#### PROBLEM TO SOLVE:
What you should give back is a precise copy of the lines below from the one containing "The Moses Lake" through the one containing "Bride and Groom", with no pictures.

#### RECORDS SUPPLIED:

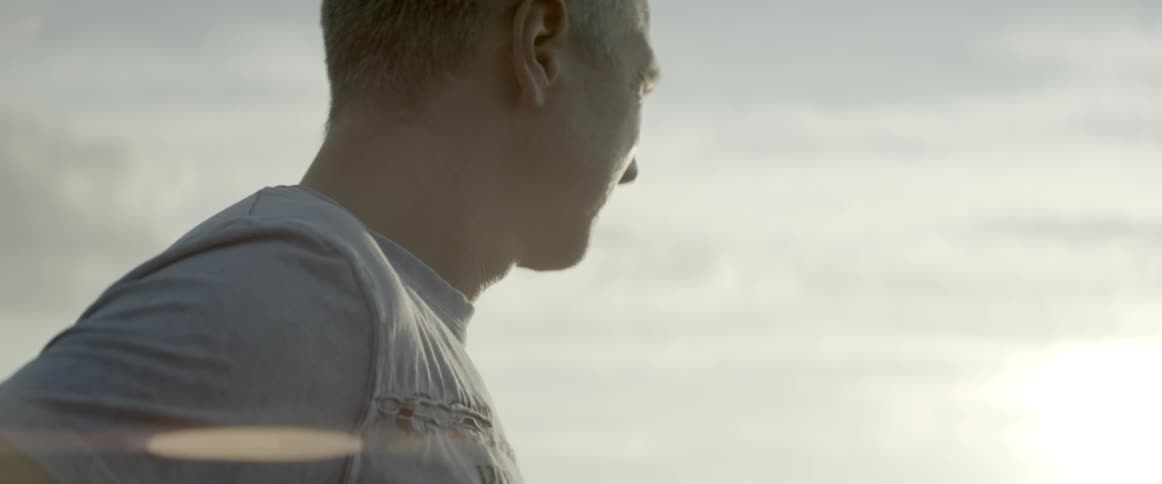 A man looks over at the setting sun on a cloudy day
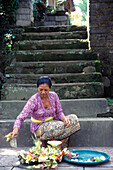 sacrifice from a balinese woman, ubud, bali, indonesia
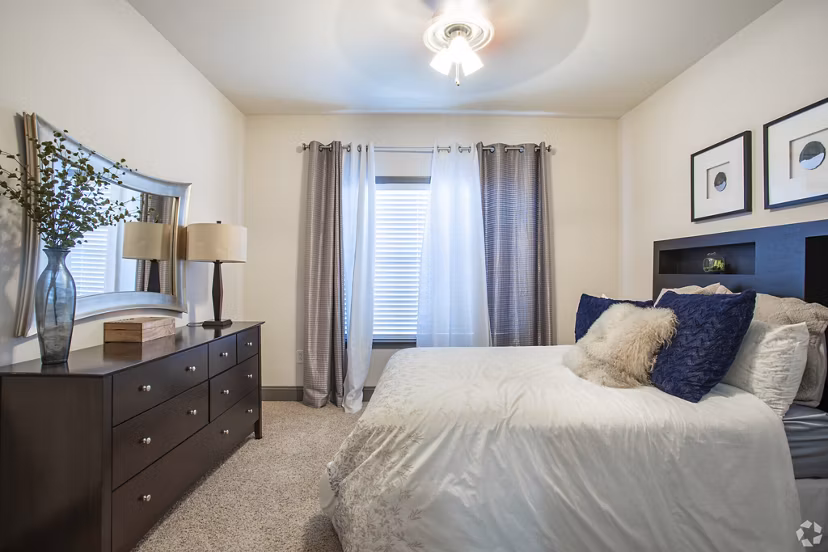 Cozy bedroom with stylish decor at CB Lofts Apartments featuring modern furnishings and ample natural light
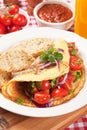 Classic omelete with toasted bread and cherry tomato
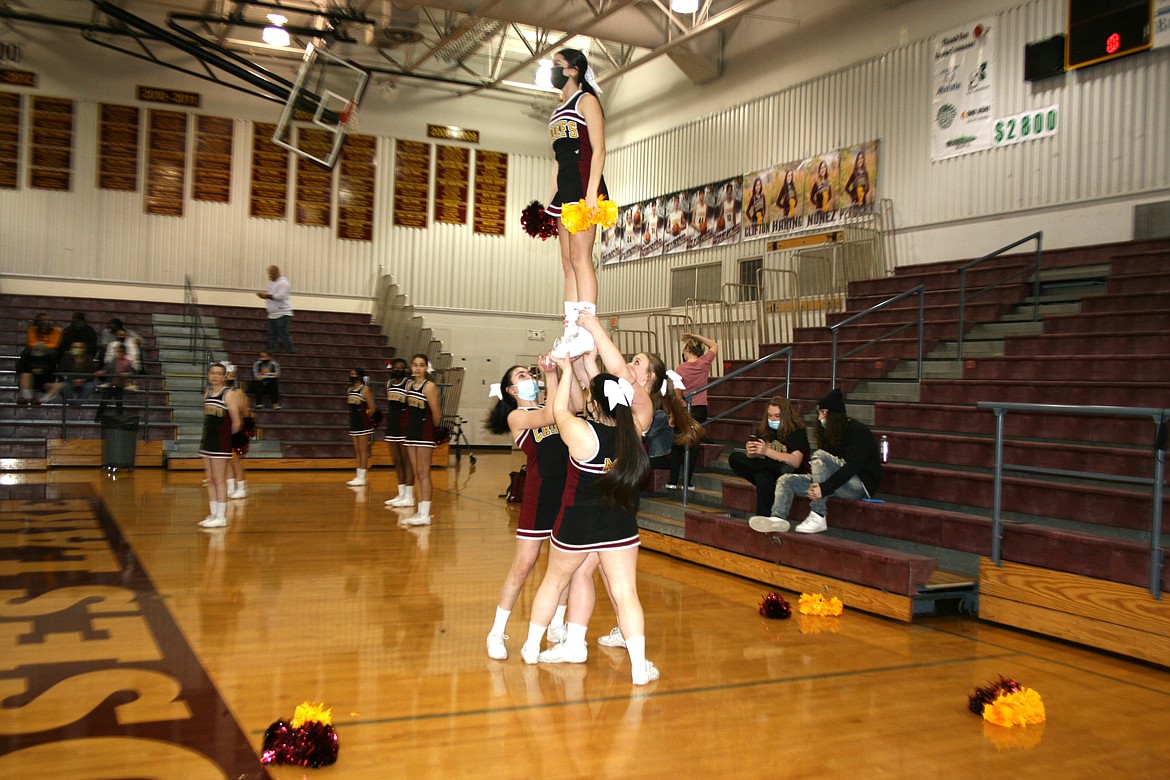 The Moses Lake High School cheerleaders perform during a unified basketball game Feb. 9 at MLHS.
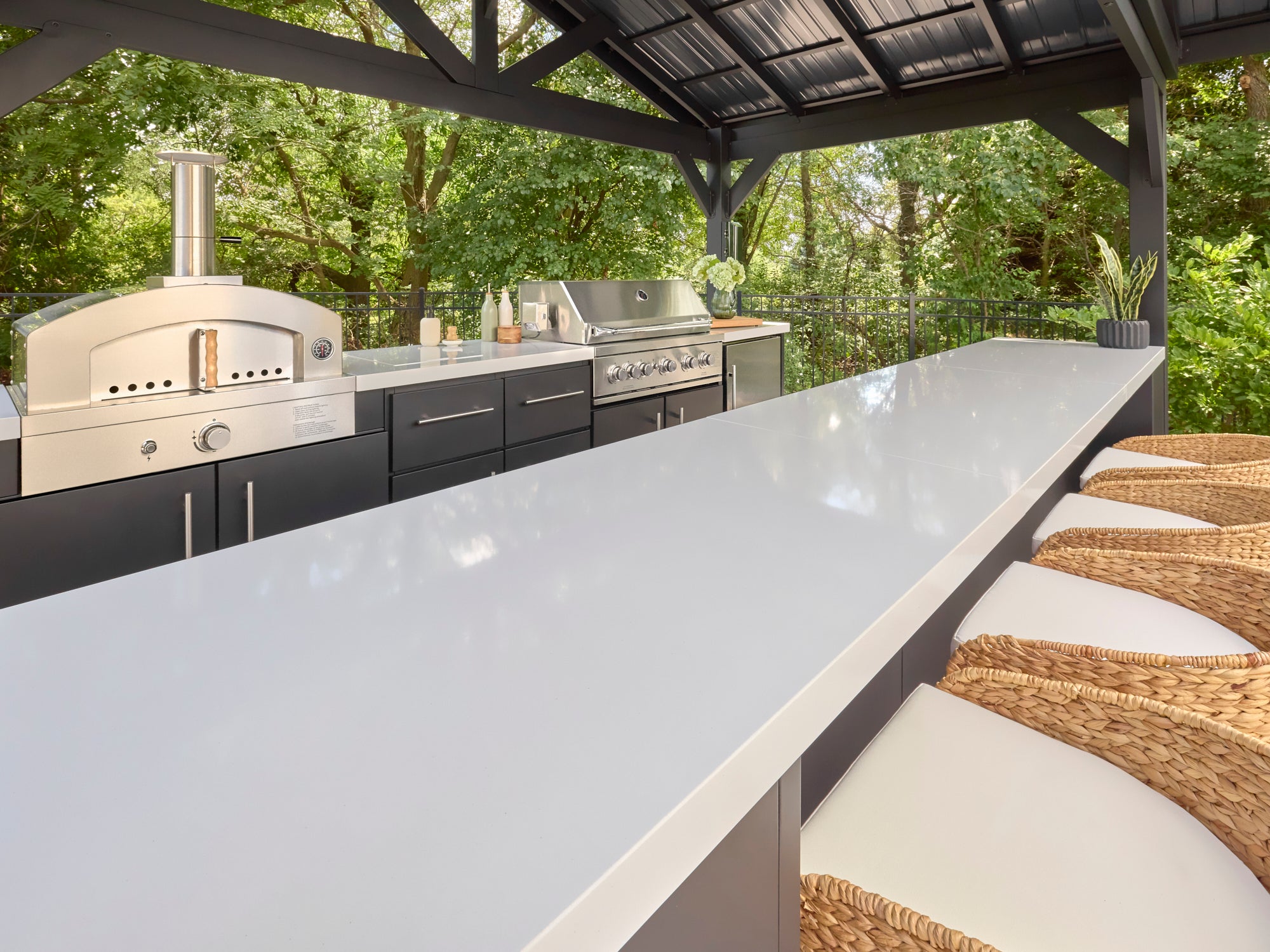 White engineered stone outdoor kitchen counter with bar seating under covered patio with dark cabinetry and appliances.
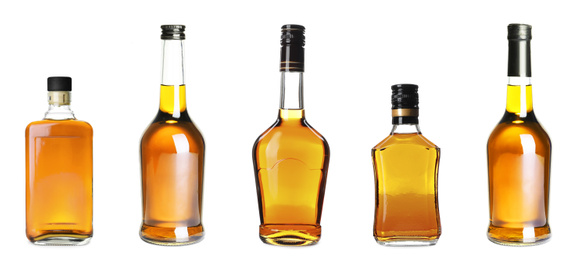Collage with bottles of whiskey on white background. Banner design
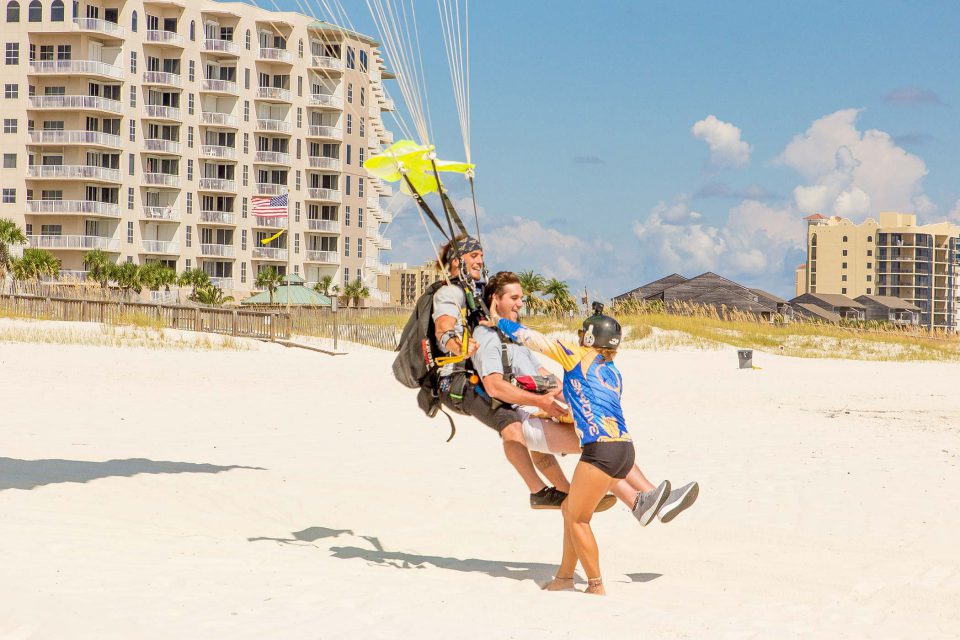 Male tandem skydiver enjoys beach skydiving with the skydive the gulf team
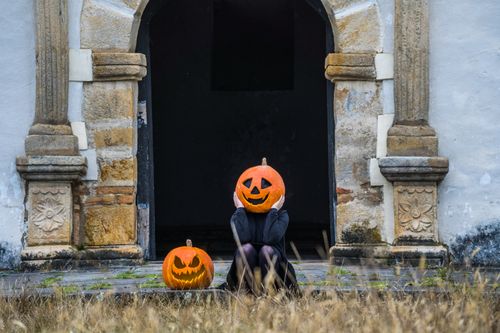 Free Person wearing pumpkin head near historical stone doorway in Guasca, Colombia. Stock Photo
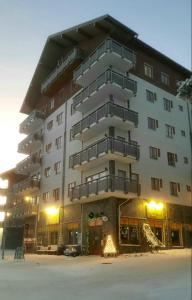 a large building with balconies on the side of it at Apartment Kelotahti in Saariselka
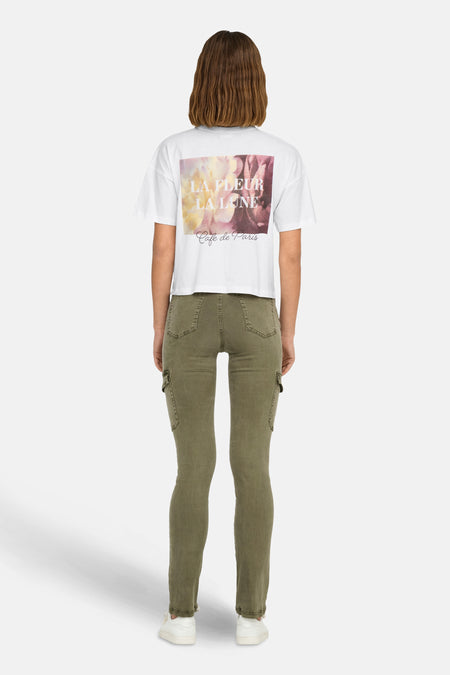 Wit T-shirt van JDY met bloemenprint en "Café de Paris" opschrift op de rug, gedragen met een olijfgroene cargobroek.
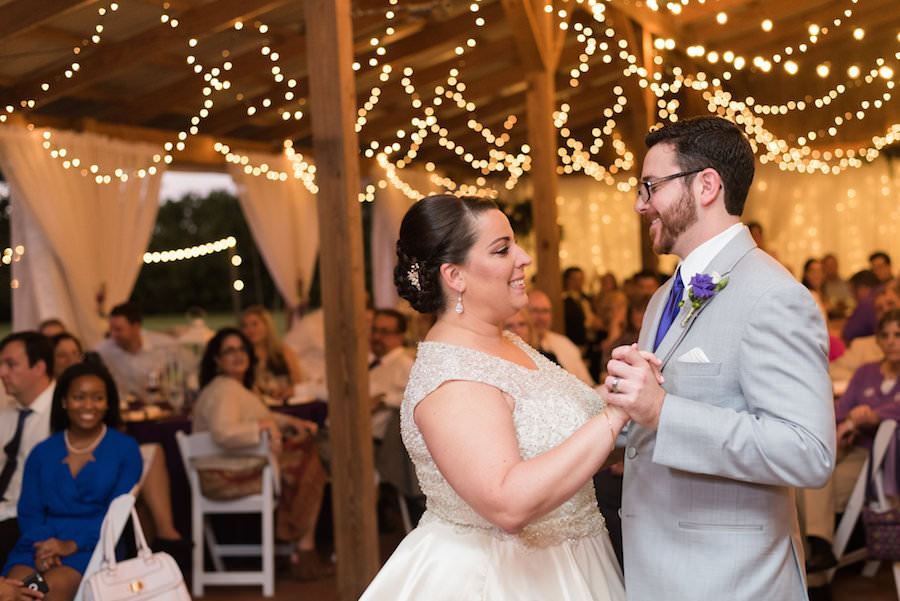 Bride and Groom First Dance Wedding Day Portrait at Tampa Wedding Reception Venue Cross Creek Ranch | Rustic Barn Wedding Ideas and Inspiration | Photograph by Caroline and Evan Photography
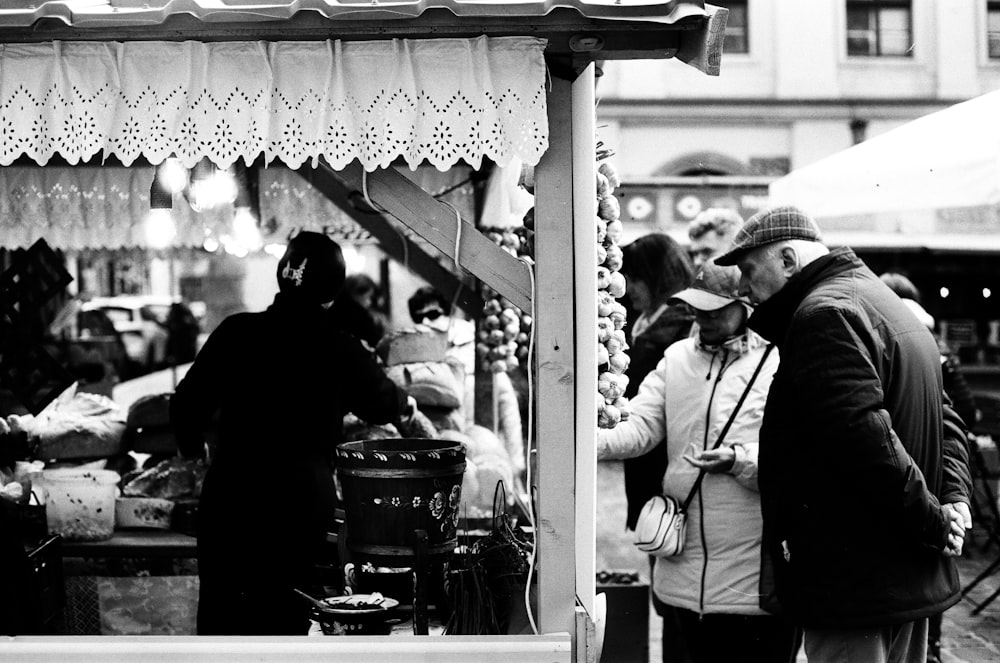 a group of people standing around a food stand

#### YOUR SOLUTION:
 The Moses Lake High School cheerleaders perform during a unified basketball game Feb. 9 at MLHS.
 White engineered stone outdoor kitchen counter with bar seating under covered patio with dark cabinetry and appliances.
Collage with bottles of whiskey on white background. Banner design
 Male tandem skydiver enjoys beach skydiving with the skydive the gulf team
 Free Person wearing pumpkin head near historical stone doorway in Guasca, Colombia. Stock Photo
 a large building with balconies on the side of it at Apartment Kelotahti in Saariselka
 Wit T-shirt van JDY met bloemenprint en "Café de Paris" opschrift op de rug, gedragen met een olijfgroene cargobroek.
 Bride and Groom First Dance Wedding Day Portrait at Tampa Wedding Reception Venue Cross Creek Ranch | Rustic Barn Wedding Ideas and Inspiration | Photograph by Caroline and Evan Photography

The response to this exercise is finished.